Book Launch

Book Talk | How We Became Our Data

11/25 Monday | 6pm

NYU’s Institute for Public Knowledge invites you to join for a book talk for How We Became Our Data: A Genealogy of the Informational Person, featuring the author Colin Koopman in conversation with Dan Bouk, Lisa Gitelman, and Dennis Yi Tenen.  The conversation will be moderated by Natasha Schull.

We are now acutely aware, as if all of the sudden, that data matters enormously to how we live. How did information come to be so integral to what we can do? How did we become people who effortlessly present our lives in social media profiles and who are meticulously recorded in state surveillance dossiers and online marketing databases? What is the story behind data coming to matter so much to who we are?

In How We Became Our Data, Colin Koopman excavates early moments of our rapidly accelerating data-tracking technologies and their consequences for how we think of and express our selfhood today. Koopman explores the emergence of mass-scale record keeping systems like birth certificates and social security numbers, as well as new data techniques for categorizing personality traits, measuring intelligence, and even racializing subjects. This all culminates in what Koopman calls the “informational person” and the “informational power” we are now subject to. The recent explosion of digital technologies that are turning us into a series of algorithmic data points is shown to have a deeper and more turbulent past than we commonly think. Blending philosophy, history, political theory, and media theory in conversation with thinkers like Michel Foucault, Jürgen Habermas, and Friedrich Kittler, Koopman presents an illuminating perspective on how we have come to think of our personhood—and how we can resist it.

Colin Koopman is associate professor of philosophy and director of the New Media & Culture Program at the University of Oregon.
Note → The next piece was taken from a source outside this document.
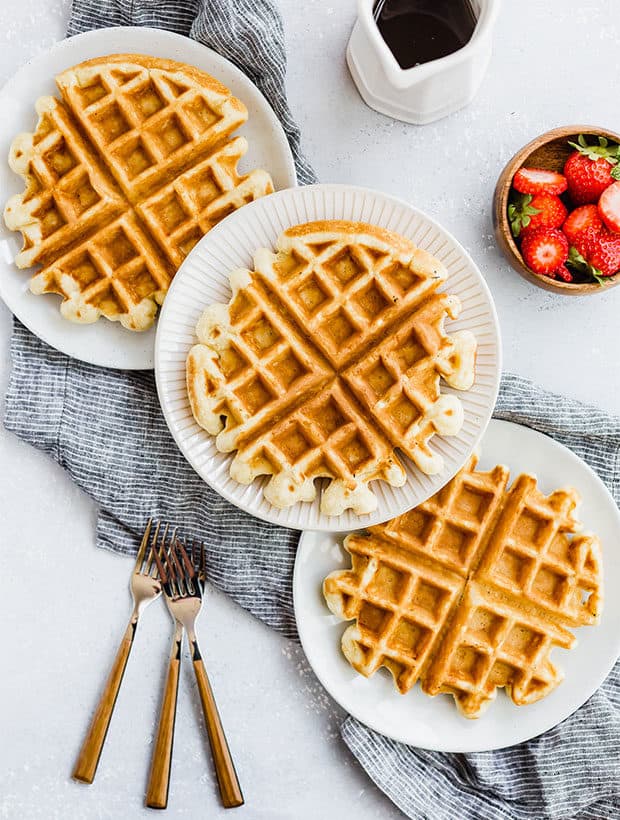 Three waffles on separate plates, with syrup in a white jar and a bowl of strawberries off to the side.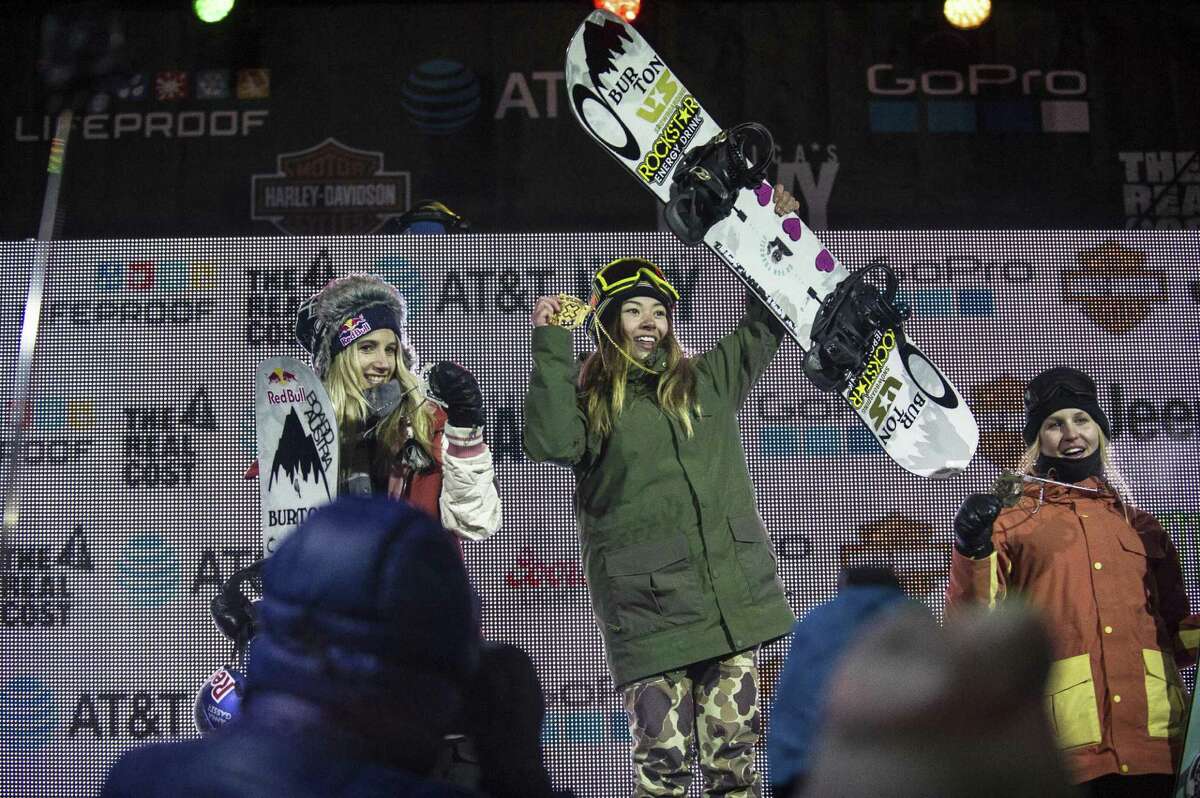 California teen Hailey Langland, center, stands on the podium at Buttermilk Ski Area in first place after competing in the women's big air final Thursday, Jan. 26, 2017, just north of Aspen, Colo. Anna Gasser, left, came in second place, while Julia Marino took 3rd place. (Anna Stonehouse/The Aspen Times via AP)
His books include: Pragmatism as Transition: Historicity and Hope in James, Dewey, and Rorty (2009); Genealogy as Critique: Foucault and the Problems of Modernity (2013); and How We Became Our Date: A Genealogy of the Informational Person (2019). His essays and articles have appeared in The New York Times and Aeon as well as in academic journals such as Critical Inquiry, Diacritics, and New Media & Society.

Dan Bouk is an associate professor of History at Colgate University and Faculty Fellow at Data & Society, where he researches the history of personal data in the United States. He is writing a book about the stories to be told from close readings of data from the 1940 census. He is the author of How Our Days Became Numbered: Risk and the Rise of the Statistical Individual (University of Chicago Press, 2015).

Lisa Gitelman is professor in the Department of English and Media, Culture and Communication at New York University. Her research concerns American print culture, techniques of inscription, and the new media of yesterday and today. She is particularly concerned with tracing the patterns according to which new media become meaningful within and against the contexts of older media. Her most recent book is entitled Paper Knowledge: Toward a Media History of Documents (Duke, 2014).

Dennis Yi Tenen is an associate professor of English and Comparative Literature at Columbia University. His teaching and research happen at the intersection of people, texts, and technologies. A co-founder of Columbia’s Group for Experimental Methods in the Humanities, he is the author of Plain Text: The Poetics of Computation (Stanford University Press, 2017). His next book concerns the creative limits of artificial intelligence.

Natasha Schüll is an associate professor of Media, Culture, and Communication at New York University. She is writing a book called Keeping Track (Farrar, Straus, and Giroux, under contract) on the rise of digital self-tracking technologies and the new modes of introspection and self-governance they engender. She is the author of Addiction By Design: Machine Gambling in Las Vegas (Princeton University Press, 2012).